━━ INFORMATION ━━
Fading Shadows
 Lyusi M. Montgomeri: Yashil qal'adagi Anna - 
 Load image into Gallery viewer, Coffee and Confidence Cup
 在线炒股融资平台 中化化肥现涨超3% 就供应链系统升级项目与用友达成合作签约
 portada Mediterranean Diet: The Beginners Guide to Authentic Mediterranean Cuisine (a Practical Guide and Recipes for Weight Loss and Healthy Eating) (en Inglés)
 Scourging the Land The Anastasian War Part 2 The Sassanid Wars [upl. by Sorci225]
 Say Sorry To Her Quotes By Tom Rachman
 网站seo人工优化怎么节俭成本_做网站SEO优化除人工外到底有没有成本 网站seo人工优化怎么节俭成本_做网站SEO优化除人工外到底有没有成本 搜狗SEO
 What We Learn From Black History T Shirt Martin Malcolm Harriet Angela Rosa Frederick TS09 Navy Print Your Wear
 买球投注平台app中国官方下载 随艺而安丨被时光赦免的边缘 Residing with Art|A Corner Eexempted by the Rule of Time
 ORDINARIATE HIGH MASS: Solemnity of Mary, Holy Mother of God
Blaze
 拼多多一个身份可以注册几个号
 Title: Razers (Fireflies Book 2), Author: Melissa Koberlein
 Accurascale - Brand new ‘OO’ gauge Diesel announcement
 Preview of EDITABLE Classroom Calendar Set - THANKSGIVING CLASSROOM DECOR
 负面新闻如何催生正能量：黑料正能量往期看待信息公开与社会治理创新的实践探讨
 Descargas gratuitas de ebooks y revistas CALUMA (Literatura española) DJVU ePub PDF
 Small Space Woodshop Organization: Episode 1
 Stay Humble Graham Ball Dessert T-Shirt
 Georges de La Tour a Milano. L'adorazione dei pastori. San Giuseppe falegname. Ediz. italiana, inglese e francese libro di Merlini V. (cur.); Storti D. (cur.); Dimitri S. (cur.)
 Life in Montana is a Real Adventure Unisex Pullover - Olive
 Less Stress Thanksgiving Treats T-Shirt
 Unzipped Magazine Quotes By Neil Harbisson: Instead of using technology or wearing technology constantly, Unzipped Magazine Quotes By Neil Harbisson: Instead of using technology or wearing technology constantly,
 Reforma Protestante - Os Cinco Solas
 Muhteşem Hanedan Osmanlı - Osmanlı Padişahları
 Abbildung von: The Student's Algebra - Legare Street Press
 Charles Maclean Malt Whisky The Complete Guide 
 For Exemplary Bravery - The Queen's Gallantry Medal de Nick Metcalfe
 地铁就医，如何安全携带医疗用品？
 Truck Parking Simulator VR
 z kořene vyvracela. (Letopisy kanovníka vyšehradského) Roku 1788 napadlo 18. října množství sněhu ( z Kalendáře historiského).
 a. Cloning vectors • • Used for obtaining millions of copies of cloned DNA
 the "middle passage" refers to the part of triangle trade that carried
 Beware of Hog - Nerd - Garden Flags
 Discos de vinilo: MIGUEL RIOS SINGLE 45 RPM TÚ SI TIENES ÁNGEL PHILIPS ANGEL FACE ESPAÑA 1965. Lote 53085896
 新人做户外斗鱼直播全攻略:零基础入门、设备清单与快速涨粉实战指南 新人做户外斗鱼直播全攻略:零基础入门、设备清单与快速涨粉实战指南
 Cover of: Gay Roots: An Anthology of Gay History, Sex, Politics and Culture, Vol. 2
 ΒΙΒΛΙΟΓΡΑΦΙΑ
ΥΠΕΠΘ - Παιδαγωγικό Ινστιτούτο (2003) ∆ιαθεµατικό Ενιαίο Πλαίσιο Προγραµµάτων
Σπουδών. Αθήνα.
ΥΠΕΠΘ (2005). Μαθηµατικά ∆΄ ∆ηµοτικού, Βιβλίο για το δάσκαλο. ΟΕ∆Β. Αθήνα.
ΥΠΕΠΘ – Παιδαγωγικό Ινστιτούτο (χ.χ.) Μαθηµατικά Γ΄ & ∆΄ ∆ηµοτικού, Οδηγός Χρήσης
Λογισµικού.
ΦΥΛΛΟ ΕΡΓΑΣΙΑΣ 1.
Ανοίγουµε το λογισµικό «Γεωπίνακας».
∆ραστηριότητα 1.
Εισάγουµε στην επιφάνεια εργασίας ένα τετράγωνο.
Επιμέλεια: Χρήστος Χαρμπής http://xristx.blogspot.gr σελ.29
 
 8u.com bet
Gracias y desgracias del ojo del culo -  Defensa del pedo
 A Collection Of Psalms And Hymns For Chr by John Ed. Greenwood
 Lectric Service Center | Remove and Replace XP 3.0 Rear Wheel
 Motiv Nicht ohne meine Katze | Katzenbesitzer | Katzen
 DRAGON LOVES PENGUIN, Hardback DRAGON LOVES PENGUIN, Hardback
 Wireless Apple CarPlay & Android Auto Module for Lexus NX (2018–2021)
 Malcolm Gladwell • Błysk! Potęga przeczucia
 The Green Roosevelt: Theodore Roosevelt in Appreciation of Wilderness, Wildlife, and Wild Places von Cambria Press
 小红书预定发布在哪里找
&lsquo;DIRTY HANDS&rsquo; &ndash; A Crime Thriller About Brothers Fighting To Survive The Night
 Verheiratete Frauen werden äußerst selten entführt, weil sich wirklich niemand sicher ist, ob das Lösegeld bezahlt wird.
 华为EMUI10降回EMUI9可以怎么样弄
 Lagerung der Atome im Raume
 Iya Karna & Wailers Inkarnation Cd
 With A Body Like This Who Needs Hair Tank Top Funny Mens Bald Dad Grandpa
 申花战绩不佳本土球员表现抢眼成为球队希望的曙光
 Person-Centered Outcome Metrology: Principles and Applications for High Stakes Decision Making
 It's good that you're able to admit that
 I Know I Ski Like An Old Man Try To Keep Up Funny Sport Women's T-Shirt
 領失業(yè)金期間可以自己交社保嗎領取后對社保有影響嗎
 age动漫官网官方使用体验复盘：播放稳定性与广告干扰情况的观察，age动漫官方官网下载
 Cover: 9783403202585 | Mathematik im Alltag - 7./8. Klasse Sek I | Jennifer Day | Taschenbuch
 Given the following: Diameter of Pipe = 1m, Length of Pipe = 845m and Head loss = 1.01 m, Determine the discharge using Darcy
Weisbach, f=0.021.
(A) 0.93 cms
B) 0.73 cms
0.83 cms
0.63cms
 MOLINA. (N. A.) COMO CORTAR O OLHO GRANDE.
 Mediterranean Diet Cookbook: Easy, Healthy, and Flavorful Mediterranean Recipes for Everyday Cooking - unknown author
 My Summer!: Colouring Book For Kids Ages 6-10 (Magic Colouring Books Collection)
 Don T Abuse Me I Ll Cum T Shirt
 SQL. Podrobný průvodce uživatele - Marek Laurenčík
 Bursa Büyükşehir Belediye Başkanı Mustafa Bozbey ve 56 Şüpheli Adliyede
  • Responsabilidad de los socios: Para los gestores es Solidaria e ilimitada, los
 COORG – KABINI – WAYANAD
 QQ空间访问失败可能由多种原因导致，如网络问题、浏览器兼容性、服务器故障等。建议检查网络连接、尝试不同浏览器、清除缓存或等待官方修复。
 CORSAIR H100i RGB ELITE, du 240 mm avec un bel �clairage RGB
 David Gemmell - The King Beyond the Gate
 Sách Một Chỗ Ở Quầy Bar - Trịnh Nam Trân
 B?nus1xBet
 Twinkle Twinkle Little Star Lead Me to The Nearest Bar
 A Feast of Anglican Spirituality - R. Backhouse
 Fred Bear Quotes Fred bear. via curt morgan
━━━
> TASK DESCRIPTION
Print the whole listing above exactly, please.

> RESULT
Fading Shadows
 Lyusi M. Montgomeri: Yashil qal'adagi Anna - 
 Load image into Gallery viewer, Coffee and Confidence Cup
 在线炒股融资平台 中化化肥现涨超3% 就供应链系统升级项目与用友达成合作签约
 portada Mediterranean Diet: The Beginners Guide to Authentic Mediterranean Cuisine (a Practical Guide and Recipes for Weight Loss and Healthy Eating) (en Inglés)
 Scourging the Land The Anastasian War Part 2 The Sassanid Wars [upl. by Sorci225]
 Say Sorry To Her Quotes By Tom Rachman
 网站seo人工优化怎么节俭成本_做网站SEO优化除人工外到底有没有成本 网站seo人工优化怎么节俭成本_做网站SEO优化除人工外到底有没有成本 搜狗SEO
 What We Learn From Black History T Shirt Martin Malcolm Harriet Angela Rosa Frederick TS09 Navy Print Your Wear
 买球投注平台app中国官方下载 随艺而安丨被时光赦免的边缘 Residing with Art|A Corner Eexempted by the Rule of Time
 ORDINARIATE HIGH MASS: Solemnity of Mary, Holy Mother of God
Blaze
 拼多多一个身份可以注册几个号
 Title: Razers (Fireflies Book 2), Author: Melissa Koberlein
 Accurascale - Brand new ‘OO’ gauge Diesel announcement
 Preview of EDITABLE Classroom Calendar Set - THANKSGIVING CLASSROOM DECOR
 负面新闻如何催生正能量：黑料正能量往期看待信息公开与社会治理创新的实践探讨
 Descargas gratuitas de ebooks y revistas CALUMA (Literatura española) DJVU ePub PDF
 Small Space Woodshop Organization: Episode 1
 Stay Humble Graham Ball Dessert T-Shirt
 Georges de La Tour a Milano. L'adorazione dei pastori. San Giuseppe falegname. Ediz. italiana, inglese e francese libro di Merlini V. (cur.); Storti D. (cur.); Dimitri S. (cur.)
 Life in Montana is a Real Adventure Unisex Pullover - Olive
 Less Stress Thanksgiving Treats T-Shirt
 Unzipped Magazine Quotes By Neil Harbisson: Instead of using technology or wearing technology constantly, Unzipped Magazine Quotes By Neil Harbisson: Instead of using technology or wearing technology constantly,
 Reforma Protestante - Os Cinco Solas
 Muhteşem Hanedan Osmanlı - Osmanlı Padişahları
 Abbildung von: The Student's Algebra - Legare Street Press
 Charles Maclean Malt Whisky The Complete Guide 
 For Exemplary Bravery - The Queen's Gallantry Medal de Nick Metcalfe
 地铁就医，如何安全携带医疗用品？
 Truck Parking Simulator VR
 z kořene vyvracela. (Letopisy kanovníka vyšehradského) Roku 1788 napadlo 18. října množství sněhu ( z Kalendáře historiského).
 a. Cloning vectors • • Used for obtaining millions of copies of cloned DNA
 the "middle passage" refers to the part of triangle trade that carried
 Beware of Hog - Nerd - Garden Flags
 Discos de vinilo: MIGUEL RIOS SINGLE 45 RPM TÚ SI TIENES ÁNGEL PHILIPS ANGEL FACE ESPAÑA 1965. Lote 53085896
 新人做户外斗鱼直播全攻略:零基础入门、设备清单与快速涨粉实战指南 新人做户外斗鱼直播全攻略:零基础入门、设备清单与快速涨粉实战指南
 Cover of: Gay Roots: An Anthology of Gay History, Sex, Politics and Culture, Vol. 2
 ΒΙΒΛΙΟΓΡΑΦΙΑ
ΥΠΕΠΘ - Παιδαγωγικό Ινστιτούτο (2003) ∆ιαθεµατικό Ενιαίο Πλαίσιο Προγραµµάτων
Σπουδών. Αθήνα.
ΥΠΕΠΘ (2005). Μαθηµατικά ∆΄ ∆ηµοτικού, Βιβλίο για το δάσκαλο. ΟΕ∆Β. Αθήνα.
ΥΠΕΠΘ – Παιδαγωγικό Ινστιτούτο (χ.χ.) Μαθηµατικά Γ΄ & ∆΄ ∆ηµοτικού, Οδηγός Χρήσης
Λογισµικού.
ΦΥΛΛΟ ΕΡΓΑΣΙΑΣ 1.
Ανοίγουµε το λογισµικό «Γεωπίνακας».
∆ραστηριότητα 1.
Εισάγουµε στην επιφάνεια εργασίας ένα τετράγωνο.
Επιμέλεια: Χρήστος Χαρμπής http://xristx.blogspot.gr σελ.29
 
 8u.com bet
Gracias y desgracias del ojo del culo -  Defensa del pedo
 A Collection Of Psalms And Hymns For Chr by John Ed. Greenwood
 Lectric Service Center | Remove and Replace XP 3.0 Rear Wheel
 Motiv Nicht ohne meine Katze | Katzenbesitzer | Katzen
 DRAGON LOVES PENGUIN, Hardback DRAGON LOVES PENGUIN, Hardback
 Wireless Apple CarPlay & Android Auto Module for Lexus NX (2018–2021)
 Malcolm Gladwell • Błysk! Potęga przeczucia
 The Green Roosevelt: Theodore Roosevelt in Appreciation of Wilderness, Wildlife, and Wild Places von Cambria Press
 小红书预定发布在哪里找
&lsquo;DIRTY HANDS&rsquo; &ndash; A Crime Thriller About Brothers Fighting To Survive The Night
 Verheiratete Frauen werden äußerst selten entführt, weil sich wirklich niemand sicher ist, ob das Lösegeld bezahlt wird.
 华为EMUI10降回EMUI9可以怎么样弄
 Lagerung der Atome im Raume
 Iya Karna & Wailers Inkarnation Cd
 With A Body Like This Who Needs Hair Tank Top Funny Mens Bald Dad Grandpa
 申花战绩不佳本土球员表现抢眼成为球队希望的曙光
 Person-Centered Outcome Metrology: Principles and Applications for High Stakes Decision Making
 It's good that you're able to admit that
 I Know I Ski Like An Old Man Try To Keep Up Funny Sport Women's T-Shirt
 領失業(yè)金期間可以自己交社保嗎領取后對社保有影響嗎
 age动漫官网官方使用体验复盘：播放稳定性与广告干扰情况的观察，age动漫官方官网下载
 Cover: 9783403202585 | Mathematik im Alltag - 7./8. Klasse Sek I | Jennifer Day | Taschenbuch
 Given the following: Diameter of Pipe = 1m, Length of Pipe = 845m and Head loss = 1.01 m, Determine the discharge using Darcy
Weisbach, f=0.021.
(A) 0.93 cms
B) 0.73 cms
0.83 cms
0.63cms
 MOLINA. (N. A.) COMO CORTAR O OLHO GRANDE.
 Mediterranean Diet Cookbook: Easy, Healthy, and Flavorful Mediterranean Recipes for Everyday Cooking - unknown author
 My Summer!: Colouring Book For Kids Ages 6-10 (Magic Colouring Books Collection)
 Don T Abuse Me I Ll Cum T Shirt
 SQL. Podrobný průvodce uživatele - Marek Laurenčík
 Bursa Büyükşehir Belediye Başkanı Mustafa Bozbey ve 56 Şüpheli Adliyede
  • Responsabilidad de los socios: Para los gestores es Solidaria e ilimitada, los
 COORG – KABINI – WAYANAD
 QQ空间访问失败可能由多种原因导致，如网络问题、浏览器兼容性、服务器故障等。建议检查网络连接、尝试不同浏览器、清除缓存或等待官方修复。
 CORSAIR H100i RGB ELITE, du 240 mm avec un bel �clairage RGB
 David Gemmell - The King Beyond the Gate
 Sách Một Chỗ Ở Quầy Bar - Trịnh Nam Trân
 B?nus1xBet
 Twinkle Twinkle Little Star Lead Me to The Nearest Bar
 A Feast of Anglican Spirituality - R. Backhouse
 Fred Bear Quotes Fred bear. via curt morgan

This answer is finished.